### WHAT YOU SHOULD DO
Please restate exactly the lines of the data below, beginning with the line containing "this 880×495 image." and ending with the last line.

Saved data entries
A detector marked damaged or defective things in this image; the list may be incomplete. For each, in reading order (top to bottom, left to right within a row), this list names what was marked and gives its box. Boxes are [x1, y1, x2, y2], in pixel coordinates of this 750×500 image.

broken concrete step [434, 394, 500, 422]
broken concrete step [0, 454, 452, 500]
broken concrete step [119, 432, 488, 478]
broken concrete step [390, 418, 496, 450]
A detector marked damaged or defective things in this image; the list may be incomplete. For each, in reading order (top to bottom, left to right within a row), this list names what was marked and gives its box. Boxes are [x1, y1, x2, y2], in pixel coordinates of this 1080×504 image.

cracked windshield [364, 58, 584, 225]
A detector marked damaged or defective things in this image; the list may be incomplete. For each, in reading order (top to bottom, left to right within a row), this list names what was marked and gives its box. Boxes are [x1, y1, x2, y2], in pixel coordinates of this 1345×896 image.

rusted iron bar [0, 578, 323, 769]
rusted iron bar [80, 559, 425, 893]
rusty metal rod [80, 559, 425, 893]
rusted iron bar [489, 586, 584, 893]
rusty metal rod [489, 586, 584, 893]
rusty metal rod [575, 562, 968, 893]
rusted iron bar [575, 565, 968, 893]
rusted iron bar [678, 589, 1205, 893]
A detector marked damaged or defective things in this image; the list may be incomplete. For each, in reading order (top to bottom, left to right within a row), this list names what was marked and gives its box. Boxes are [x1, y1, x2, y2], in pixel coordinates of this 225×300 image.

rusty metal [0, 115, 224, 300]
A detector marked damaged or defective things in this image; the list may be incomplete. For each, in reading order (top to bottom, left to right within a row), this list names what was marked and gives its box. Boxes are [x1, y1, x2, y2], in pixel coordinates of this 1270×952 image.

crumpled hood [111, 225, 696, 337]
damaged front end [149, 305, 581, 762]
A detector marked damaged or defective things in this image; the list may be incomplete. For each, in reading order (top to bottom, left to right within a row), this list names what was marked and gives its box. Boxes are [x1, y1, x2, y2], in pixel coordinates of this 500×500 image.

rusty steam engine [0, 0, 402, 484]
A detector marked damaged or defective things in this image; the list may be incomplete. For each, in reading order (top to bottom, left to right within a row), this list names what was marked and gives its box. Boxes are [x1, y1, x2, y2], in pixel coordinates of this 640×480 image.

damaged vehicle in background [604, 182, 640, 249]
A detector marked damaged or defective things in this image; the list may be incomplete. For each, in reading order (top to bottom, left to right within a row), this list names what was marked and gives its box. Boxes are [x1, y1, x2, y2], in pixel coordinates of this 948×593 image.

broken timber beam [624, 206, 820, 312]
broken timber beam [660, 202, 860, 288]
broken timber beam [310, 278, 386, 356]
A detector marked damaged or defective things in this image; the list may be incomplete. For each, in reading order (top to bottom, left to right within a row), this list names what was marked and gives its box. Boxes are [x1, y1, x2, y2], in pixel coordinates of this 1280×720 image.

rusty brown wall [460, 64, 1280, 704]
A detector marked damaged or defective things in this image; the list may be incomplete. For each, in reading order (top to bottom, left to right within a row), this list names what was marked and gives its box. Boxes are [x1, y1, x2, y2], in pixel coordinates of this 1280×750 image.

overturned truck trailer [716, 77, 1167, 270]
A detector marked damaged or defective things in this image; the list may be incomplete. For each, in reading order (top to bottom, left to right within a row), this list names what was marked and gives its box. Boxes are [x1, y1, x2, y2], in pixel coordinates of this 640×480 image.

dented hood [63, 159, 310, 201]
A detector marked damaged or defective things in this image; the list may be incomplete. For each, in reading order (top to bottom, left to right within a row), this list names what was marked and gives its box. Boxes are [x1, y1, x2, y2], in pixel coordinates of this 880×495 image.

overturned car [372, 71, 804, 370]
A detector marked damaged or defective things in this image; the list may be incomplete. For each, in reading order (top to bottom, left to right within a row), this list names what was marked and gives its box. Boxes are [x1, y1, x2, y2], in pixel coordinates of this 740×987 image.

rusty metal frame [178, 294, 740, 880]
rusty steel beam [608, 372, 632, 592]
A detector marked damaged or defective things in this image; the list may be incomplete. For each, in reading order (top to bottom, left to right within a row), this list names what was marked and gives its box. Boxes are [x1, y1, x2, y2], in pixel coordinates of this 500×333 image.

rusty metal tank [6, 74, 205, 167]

### OUTPUT
A detector marked damaged or defective things in this image; the list may be incomplete. For each, in reading order (top to bottom, left to right within a row), this list names what was marked and gives its box. Boxes are [x1, y1, x2, y2], in pixel coordinates of this 880×495 image.

overturned car [372, 71, 804, 370]
A detector marked damaged or defective things in this image; the list may be incomplete. For each, in reading order (top to bottom, left to right within a row), this list names what was marked and gives its box. Boxes are [x1, y1, x2, y2], in pixel coordinates of this 740×987 image.

rusty metal frame [178, 294, 740, 880]
rusty steel beam [608, 372, 632, 592]
A detector marked damaged or defective things in this image; the list may be incomplete. For each, in reading order (top to bottom, left to right within a row), this list names what was marked and gives its box. Boxes are [x1, y1, x2, y2], in pixel coordinates of this 500×333 image.

rusty metal tank [6, 74, 205, 167]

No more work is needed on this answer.